==== RECORDS FOR PROCESSING ====
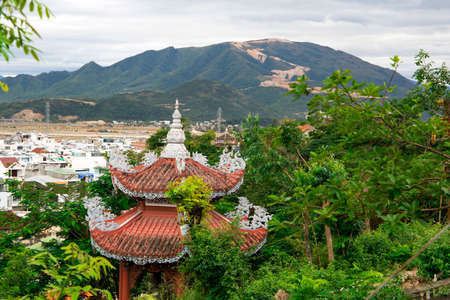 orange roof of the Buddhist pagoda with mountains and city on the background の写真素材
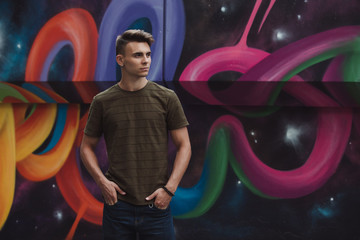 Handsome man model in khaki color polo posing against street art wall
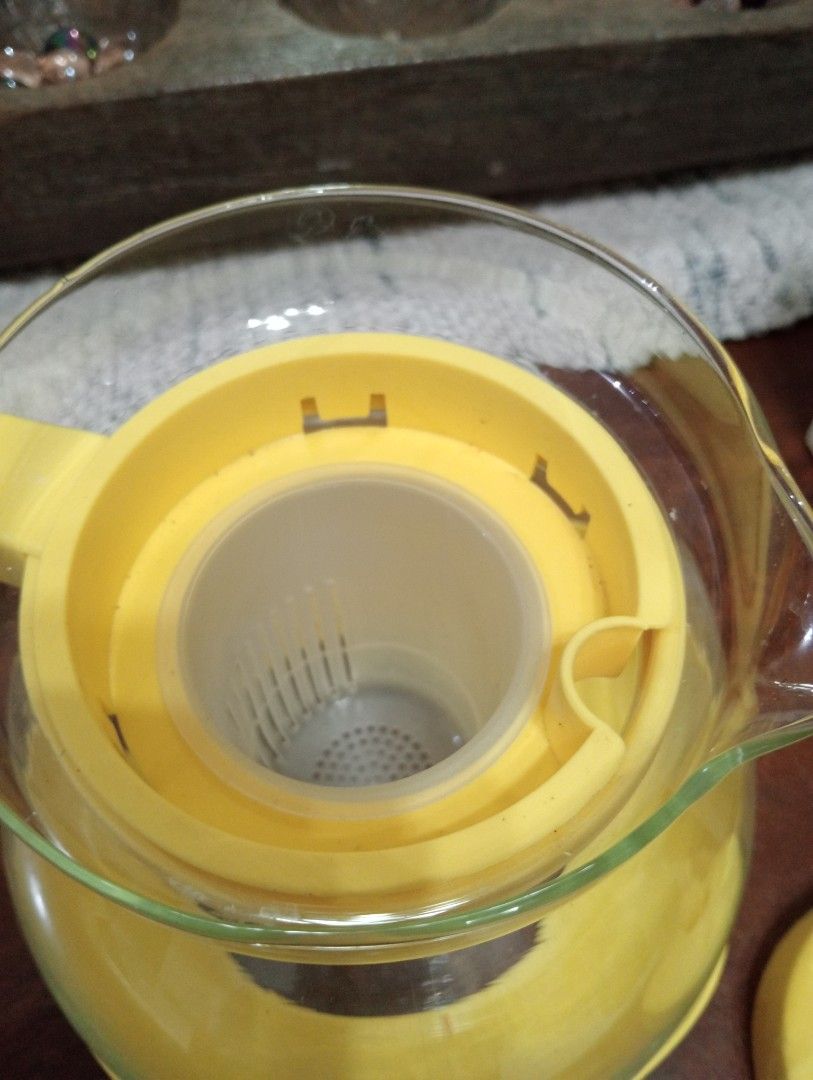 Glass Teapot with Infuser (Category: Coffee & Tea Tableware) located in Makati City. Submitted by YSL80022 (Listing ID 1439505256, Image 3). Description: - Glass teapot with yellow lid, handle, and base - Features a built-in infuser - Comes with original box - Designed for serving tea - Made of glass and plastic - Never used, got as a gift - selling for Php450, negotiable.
====
==== RECORDS FOR PROCESSING ====
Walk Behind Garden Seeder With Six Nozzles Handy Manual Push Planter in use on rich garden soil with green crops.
====
==== RECORDS FOR PROCESSING ====
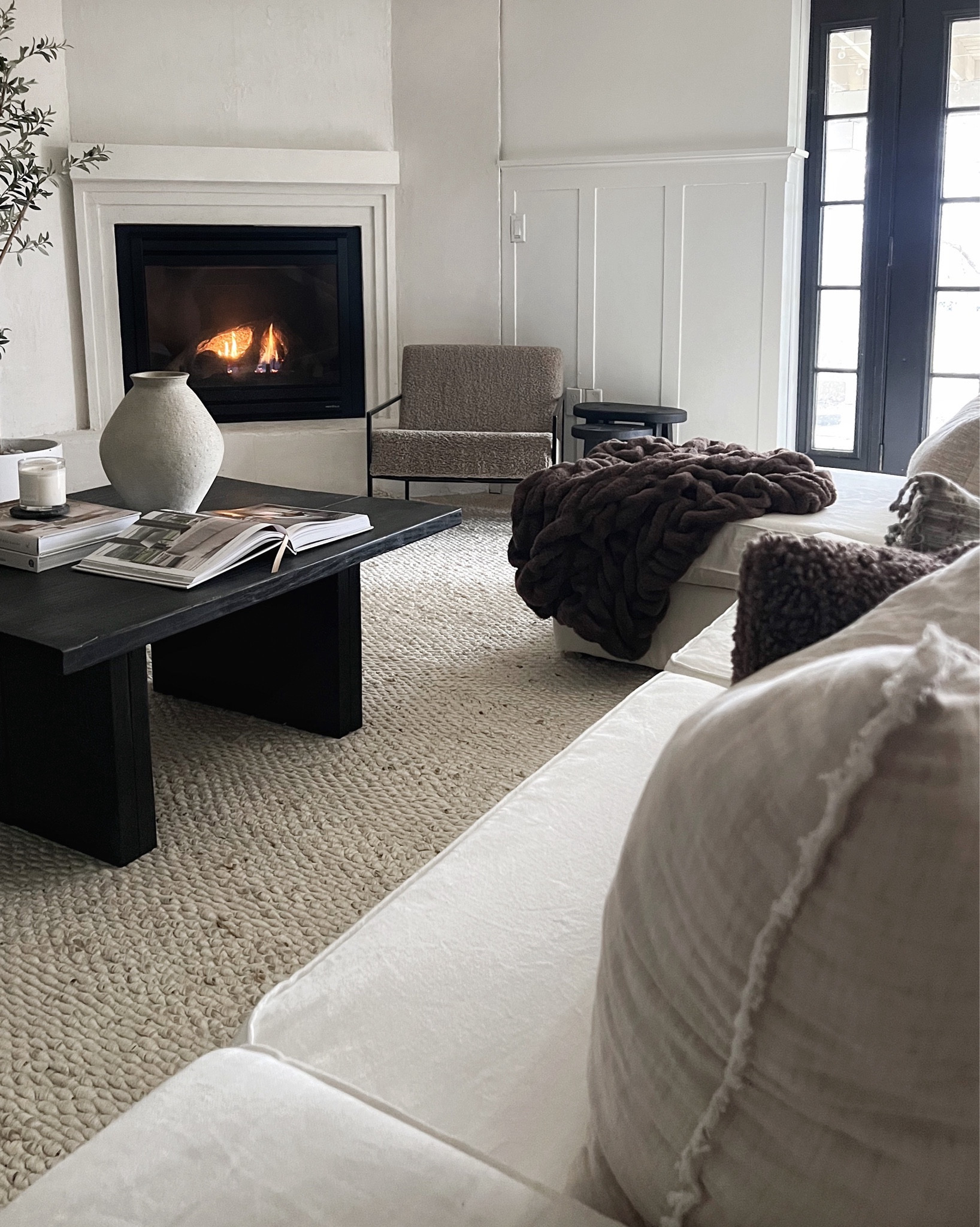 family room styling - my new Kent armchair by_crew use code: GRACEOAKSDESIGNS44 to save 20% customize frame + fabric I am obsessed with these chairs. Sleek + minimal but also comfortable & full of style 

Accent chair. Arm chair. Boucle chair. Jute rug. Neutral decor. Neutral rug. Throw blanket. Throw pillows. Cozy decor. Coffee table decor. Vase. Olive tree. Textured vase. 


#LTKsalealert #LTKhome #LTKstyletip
====
# WORK REQUEST:
Using the entries above, transcribe exactly from the line that has "orange roof of" through the line that has "Handsome man model". Pictures are dropped.

# WRITTEN ANSWER:
 orange roof of the Buddhist pagoda with mountains and city on the background の写真素材
 Handsome man model in khaki color polo posing against street art wall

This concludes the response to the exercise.